DSI depends on the sorbent-to-sulfur (Ca/S) ratio. Installation is quick and cheap, but removal efficiency is often just 50-70%.
Spray Dryer Absorbers (SDA) spray lime slurry into the gas stream. The slurry grabs SO₂, and the products exit as moist solids.
SDA hits a higher SO₂ removal (up to 90%) than DSI and needs moderate water and energy.
Wet Flue Gas Desulfurization (WFGD) sprays wet limestone slurry in an absorber tower. The chemical reaction turns SO₂ into gypsum.
WFGD removes over 95% of SO₂ but uses a lot of water and energy. Equipment is more complicated, too.
Process Flow Comparisons
DSI injects dry sorbents before or after particulate control devices. The process covers sorbent feeding, reaction with flue gas, and collection of products in filters or electrostatic precipitators.
SDA mixes lime slurry in a spray dryer. Flue gas passes through, moisture evaporates, and dry solids are caught by fabric filters.
This setup skips liquid waste but needs dry solid handling. WFGD features a big absorber tower with slurry spraying against the flue gas flow.
SO₂ dissolves and reacts in the liquid. Pumps recirculate slurry, and gypsum removal adds complexity and energy demand.
| Feature | DSI | SDA | WFGD |
| SO₂ Removal Efficiency | 50-70% | Up to 90% | Over 95% |
| Sorbent Input | Dry powder | Lime slurry | Wet limestone slurry |
| Product Type | Dry solids | Dry solids | Wet gypsum |
| Water Usage | Low | Moderate | High |
| Energy Use | Low | Moderate | High |
Typical Applications in Power Generation
Plants needing fast retrofits or tight spaces often go for DSI. DSI works for moderate SO₂ reduction but can’t always hit stricter limits.
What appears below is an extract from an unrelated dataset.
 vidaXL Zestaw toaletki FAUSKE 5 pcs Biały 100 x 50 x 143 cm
SDA fits medium-sized coal plants that need to juggle cost, water, and removal rates. Facilities with water but not enough space or capital for wet scrubbers lean on SDA.
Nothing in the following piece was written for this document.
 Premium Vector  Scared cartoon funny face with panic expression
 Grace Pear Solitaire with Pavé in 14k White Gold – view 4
WFGD dominates in large coal-fired power plants facing tough emission rules. The high SO₂ removal rate and gypsum byproduct appeal to operators, even with higher costs.
Regulations, plant size, and resources all tie into the FGD choice. A 2023 Acmefil report, “FGD Systems: Types, Selection & Maintenance,” points to these factors as central in global power plant decisions.
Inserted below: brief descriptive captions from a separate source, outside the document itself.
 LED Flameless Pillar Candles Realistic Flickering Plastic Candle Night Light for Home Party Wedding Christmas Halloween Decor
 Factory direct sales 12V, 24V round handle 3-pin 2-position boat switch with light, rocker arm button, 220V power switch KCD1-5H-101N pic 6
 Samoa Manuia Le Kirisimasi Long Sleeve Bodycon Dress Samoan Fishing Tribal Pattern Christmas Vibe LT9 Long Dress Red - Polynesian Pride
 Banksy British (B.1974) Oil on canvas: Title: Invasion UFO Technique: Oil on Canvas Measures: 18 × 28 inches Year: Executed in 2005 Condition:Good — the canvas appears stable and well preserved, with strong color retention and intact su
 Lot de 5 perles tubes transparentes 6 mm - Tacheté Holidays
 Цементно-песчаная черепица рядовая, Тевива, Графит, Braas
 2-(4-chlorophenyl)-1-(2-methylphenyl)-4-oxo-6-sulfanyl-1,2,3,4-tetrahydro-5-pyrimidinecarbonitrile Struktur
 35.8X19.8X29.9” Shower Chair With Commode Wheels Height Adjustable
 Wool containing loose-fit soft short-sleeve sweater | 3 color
Ca/S Stoichiometry: Impacts and Considerations
Calcium-to-sulfur (Ca/S) stoichiometry matters a lot for desulfurization processes in DSI, SDA, and WFGD. The Ca/S ratio shapes SO₂ removal, costs, and reagent use.
Balancing calcium oxide (CaO) or other sorbents with sulfur content controls chemical reactions and system results. Let’s break down typical ratios, their effects, and the role of sorbent reactivity.
Stoichiometric Ratios for Each Technology
Every technology needs a different Ca/S ratio. DSI usually runs at 1.5 to 3.0, since mixing and reaction times are short and less controlled.
SDA uses about 2.0, striking a balance between reagent use and sulfur removal. The liquid phase reaction improves contact with the flue gas.
Wet Limestone FGD sticks close to stoichiometric—around 1.0 to 1.2. Wet conditions let limestone (CaCO3) convert almost completely to Ca(OH)2 and react efficiently.
| Technology | Typical Ca/S Ratio | Sorbent Form | Reaction Environment |
| DSI | 1.5 – 3.0 | CaO (dry) | Short, dry gas contact |
| SDA | ~2.0 | Slaked lime (Ca(OH)2) slurry | Spray drying, semi-wet |
| Wet Limestone FGD | 1.0 – 1.2 | Limestone slurry | Wet, liquid phase |
Keeping the Ca/S ratio in check avoids wasted reagent and keeps efficiency up.
Effects on Reaction Efficiency
Ca/S ratio has a direct effect on SO₂ removal. Too little calcium means SO₂ slips through, hurting performance.
Piling on excess sorbent leaves a lot of unreacted calcium, which eats up budget and creates disposal headaches.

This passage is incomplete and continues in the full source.